It was a performance that recalled Trump's wild news conferences, back when he used to do them. As we did with those, let's break Trump's comments down piece-by-piece.
"[Sen. Tim Scott (R-S.C.) and I] had a great talk yesterday. I think especially in light of the advent of Antifa, if you look at what’s going on there. You have some pretty bad dudes on the other side also, and essentially that’s what I said. Now because of what’s happened since then with Antifa, when you look at really what’s happened since Charlottesville, a lot of people are saying, and people have actually written, 'Gee, Trump may have a point.' I said there’s some very bad people on the other side also. But we had a great conversation. And he has legislation, which I actually like very much, the concept of which I support, to get people into certain areas and building and constructing and putting people to work. I told him yesterday that’s a concept I can support very easily.”
This is Trump quadrupling down on the controversial “both sides” and “many sides” comments he made after a white supremacist allegedly killed a woman and wounded many others by driving into a crowd of counterprotesters. Those comments were decried even by Republicans and criticized by his own staff — both privately and publicly, in the case of chief economic adviser Gary Cohn — who saw it as playing down the role of white supremacy.
The question was about his meeting with Scott, and yet Trump saw fit to reignite this whole controversy — at a time when Democrats who have labeled his policies and comments racist are trying to work with him. That doesn't bode well for his immigration wheeling and dealing.
There have indeed been some Democrats decrying the tactics of antifa, or anti-fascists, in recent weeks, but that's not the same thing as a bunch of people saying "Trump was right." If that's been happening, I sure haven't seen it.
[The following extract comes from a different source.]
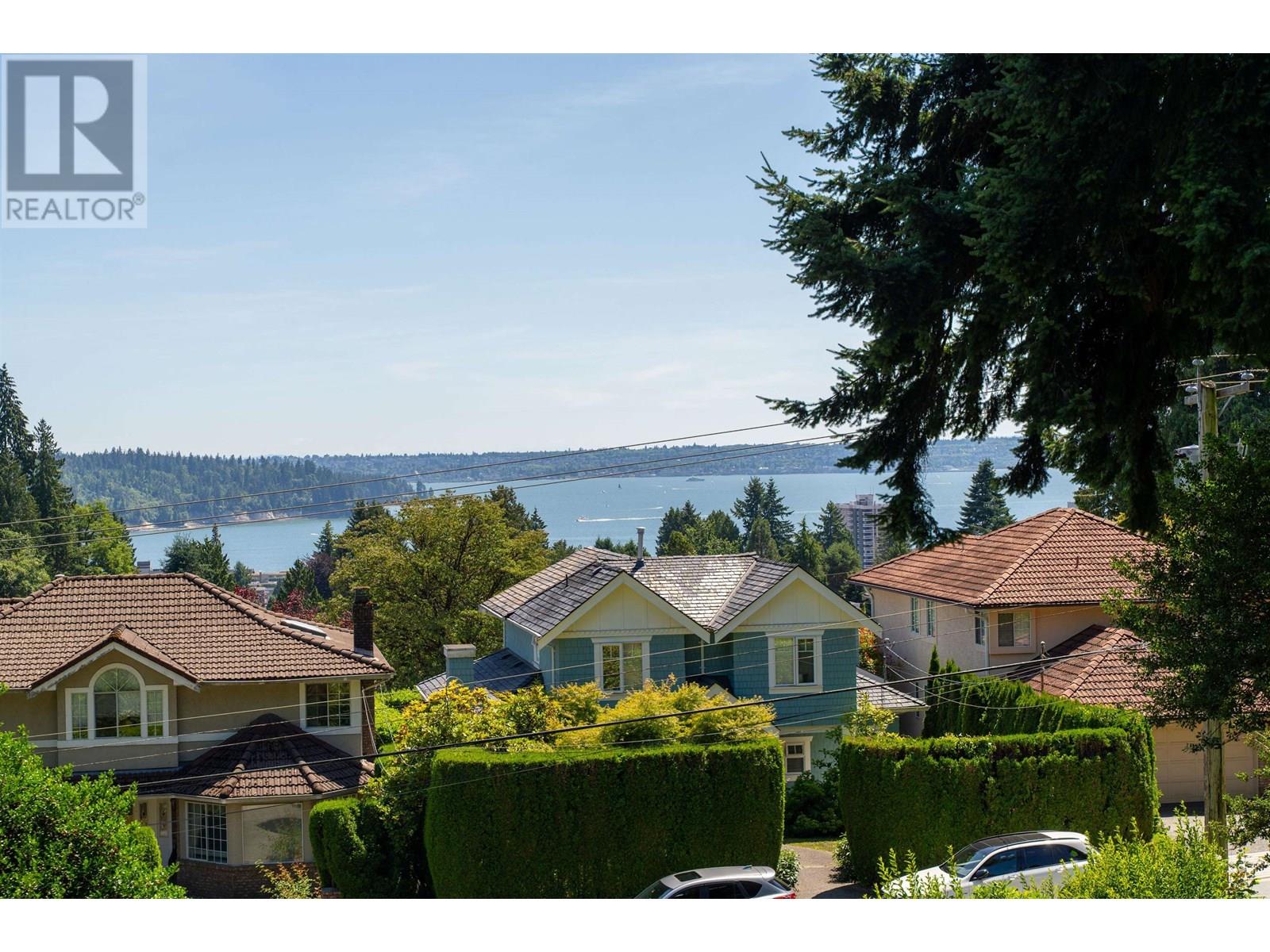 1371 MATHERS AVENUE|West Vancouver, British Columbia V7T2G5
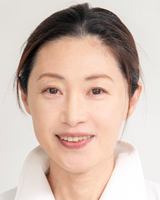 歯科医師 : 潮田 純子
In the case of Charlottesville, one group was responsible for death, which made Trump's "both sides” commentary so troubling for so many.
On climate change and the storms' effect on his views of it:
“We’ve had bigger storms than this.” (He cited bigger storms in the 1910s, 1930s and 1940s.)
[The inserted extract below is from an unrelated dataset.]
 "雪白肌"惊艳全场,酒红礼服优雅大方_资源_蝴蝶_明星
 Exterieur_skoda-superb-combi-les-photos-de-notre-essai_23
This is a far cry from what Trump has been saying for weeks. He has at times almost gleefully pointed to the supposedly unprecedented sizes of Hurricanes Harvey and Irma.
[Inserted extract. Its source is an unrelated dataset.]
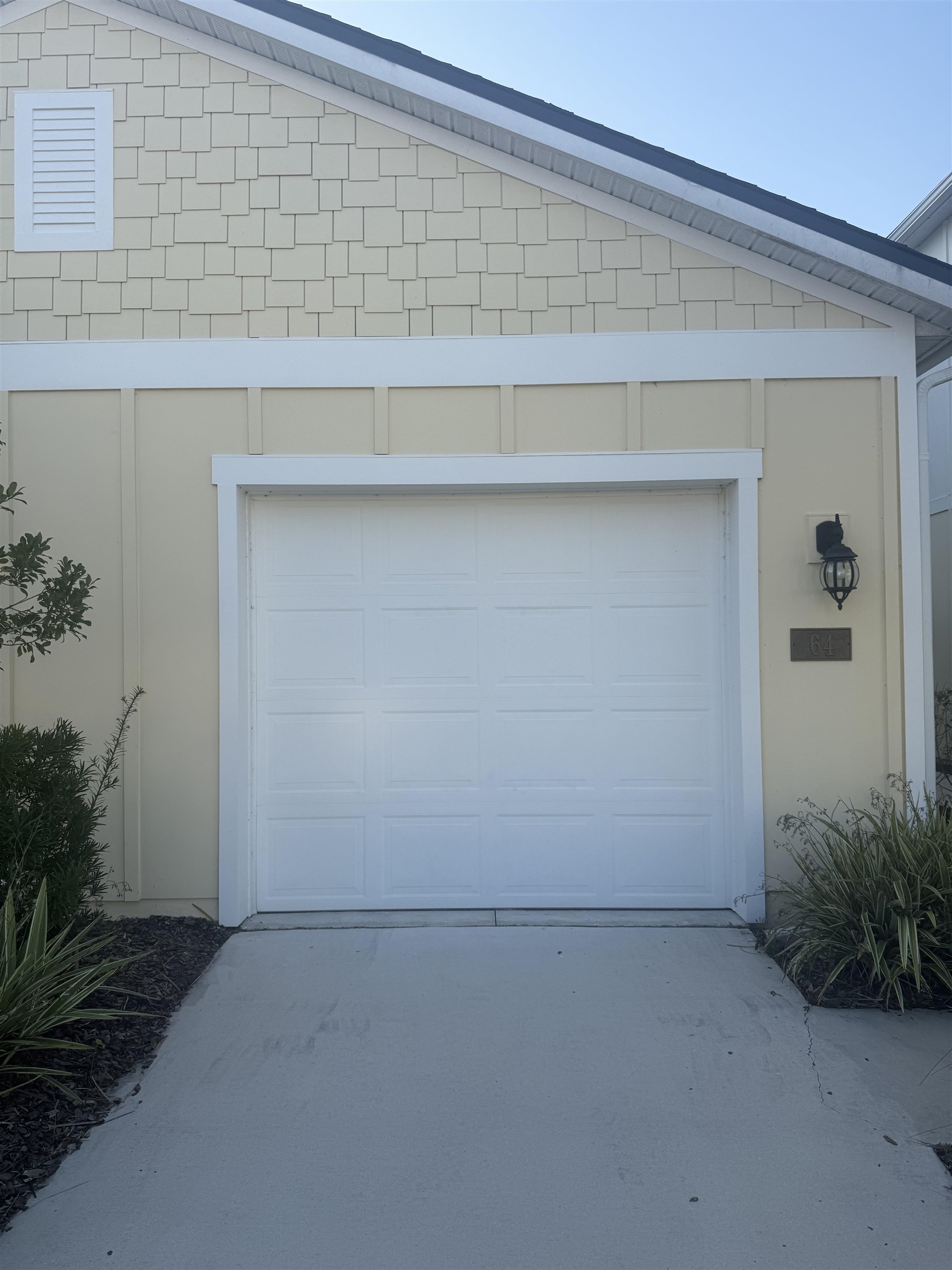 Image 2 of 43 For 64 Coastline Way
So which is it? The storms can't be the biggest in 500 years and “bigger than we have ever seen” but also unremarkable.
(Also, Philip Bump notes all the ways in which this hurricane season has been exceptional.)
On Susan E. Rice and unmasking:
“She’s not supposed to be doing that, and what she did was wrong. We’ve been saying that. It’s just the tip of the iceberg. She wasn’t supposed to be doing that — the unmasking and the surveillance. I heard she admitted that yesterday.”
Rice, who served as President Barack Obama's National Security Advisor, told Congress this week that she unmasked — or asked for the redacted identities of — Trump aides in intelligence reports to learn what the crown prince of the United Arab Emirates was doing in New York last year. Trump's allies have argued that this unmasking was outside Rice's purview and that it may have even constituted spying on the Trump campaign.
Their claims are highly questionable, and Trump saying “what she did was wrong” is taking plenty of liberties. He also seems to be suggesting, with his “surveillance” and “tip of the iceberg” comment, that he might still believe he was spied upon by the Obama administration. And so another long-dormant controversy may have new life.
On Sen. John McCain (R-Ariz.) and health care:
“It was a very unpleasant surprise. Now we have people talking about single-payer. So Republicans have to stick together better. We had the votes. John McCain changed his mind, pure and simple.”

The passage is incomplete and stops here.